Par opposition ou réaction à ces tendances trop spiritualistes, Thomas comme François ont fait preuve d’une dispisition d’esprit plus humblement enracité dans les sens, un “acquiescement à ce qu’il y a d’animal dans l’homme” (p 29). Contre ce “courant grec” dans la théologie chrétienne qui n’a cessé de tendre vers une sorte de platonisme desséché, une affaire de diagrammes et d’abstractions” (p 70), Saint Thomas a voulu rendre la foi plus populaire, la ramener à une religion du bon sens. Ainsi qu’Aristote corrige Platon en prenant “le monde tel qu’il se trouve”, Saint Thomas le prend “tel que Dieu l’a créé” et combat tout à la fois un mépris excessif du corps et le risque de diviser la Trinité qui existe chez Augustin (p 71).

Ce point est d’autant plus important que c’est justement sur le rapport à la matière (au corps) que le Christianisme se distingue d’autres religions comme le Boudhisme, purement spiritualistes.

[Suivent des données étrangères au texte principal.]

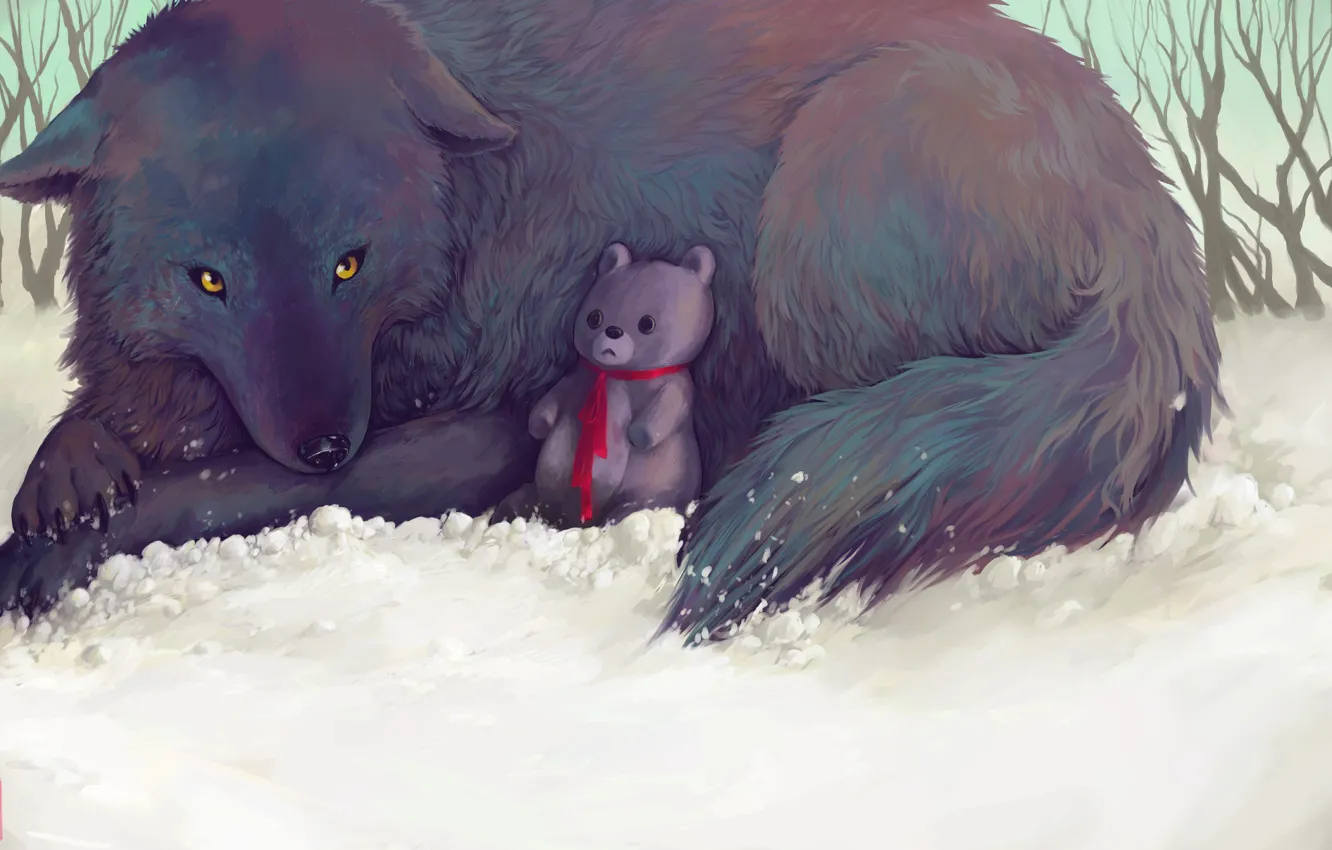 Photo wallpaper winter, snow, nature, wolf, Teddy bear, by Glad-Sad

Saint Thomas, le vrai Réformateur

Ces développements sur la manière dont Thomas se distingue d’influences catholiques (Augustin, etc.) qui l’ont précédé amènent Chesterton à le présenter comme le vrai Réformateur, renvoyant ainsi à Luther.

Si Thomas n’a pas innové en termes de théologique, se contentant de développer plus avant la doctrine catholique, au sens que c’est “une explication de toutes les implications, de toutes les virtualités d’une doctrine, au fur et à mesure qu’on les distingue et qu’on les comprend mieux” (p 26), Chesterton le présente en réformateur - ce qui peut paraître paradoxal.

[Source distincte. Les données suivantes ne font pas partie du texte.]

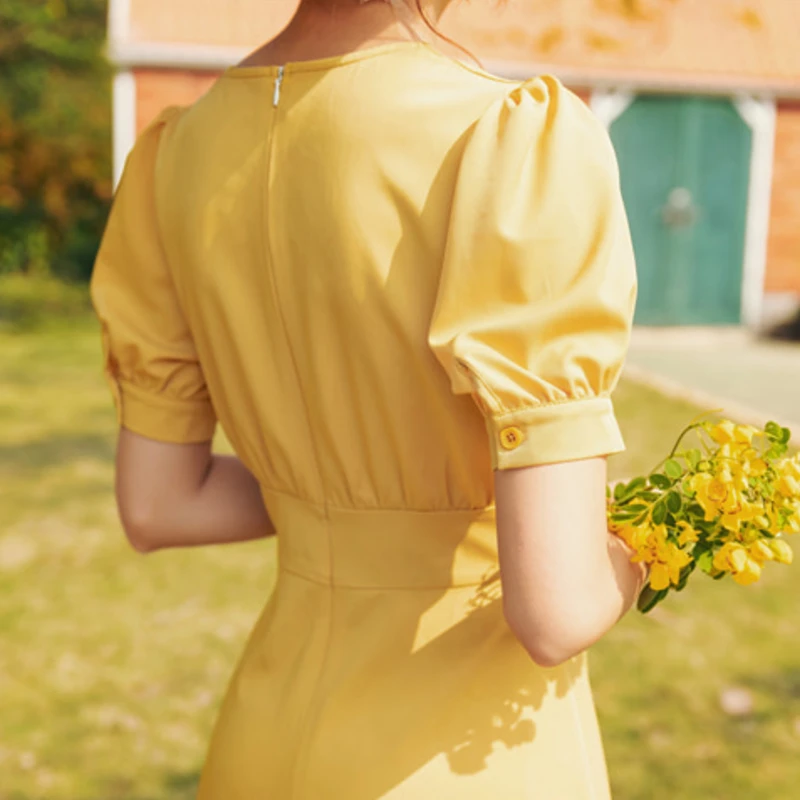 Женское винтажное платье во французском стиле Элегантное повседневное на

C’est encore sur le rapport au monde créé que se situe cette analyse: les protestants sont en effet réactionnaires au sens qu’ils s’efforcent de revenir à un pseudo-catholicisme originel et à une doctrine purement spirituelle qui fait fi de la réalité de la Révélation d’un Dieu incarné.

D’ailleurs, Chesterton ne dit pas autre chose de la Renaissance, “résurrection de choses mortes issues d’une tradition morte” (p 36). Elle mériterait donc plutôt le nom de Rechute (p 37), tandis que la Chrétienté du 13ème siècles est réellement une époque novatrice.